The next day, I fished a bigger stem of the same stream. I parked the truck, hiked a mile downstream or so, and fished my way back. I was a little early though, as I got to the stream about 9 in the morning, and the fish weren't active. I went through a couple of pools that I knew had fish (because I missed three out of this pool the night before before I realized that my fly was broken off at the bend), and wasn't getting any interest. Usually, the fish don't turn on until about 10:00 in this area, so I forced myself to sit on a rock for an hour. I couldn't do that, of course, but I'd sit for about 20 minutes, get up and try a few drifts, get nothing, and sit for another 20 minutes. Almost exactly at 10:00, I started seeing a few golden stones coming out.
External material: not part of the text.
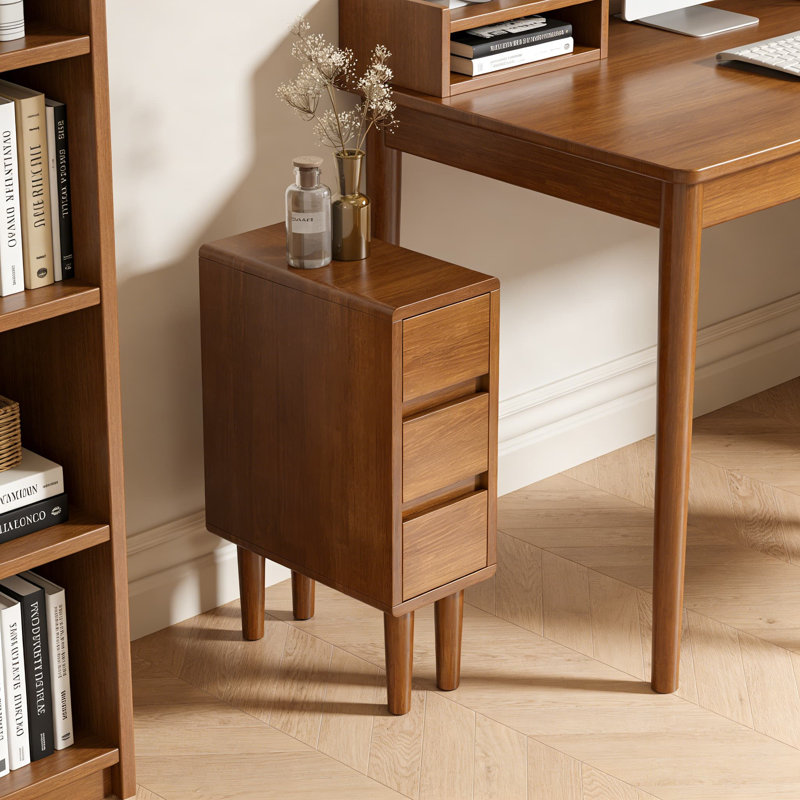 Table de chevet étroite en bois massif avec 3 tiroirs, table de chevet étroite de style Mid-Century pour les petits espaces, table de bout robuste pour la chambre à coucher, le salon ou le bureau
So I grabbed one, pinched his wings a bit, and threw him out into a nice looking seam. He made it about 10 feet downstream, when a cutt turned around, raced downstream, and grabbed him. Go time!

I tied on a little FEB Hopper (props to JohnScott), and made a drift right through where I'd tossed the natural.



From that moment on, the fishing was ridiculous. I was picking up fish on nearly every cast. Almost every single pocket that looked like it should hold a fish did. In a mile of stream, I landed over 30 fish, and probably missed another 10 or 15 more.





There weren't any massive hatches like there were a couple of week prior, but the fish were definitely looking up even more than they were then. Every single fish was caught on a big dry fly, except one that I had to put on a big stonefly nymph to pull out of a deep pool.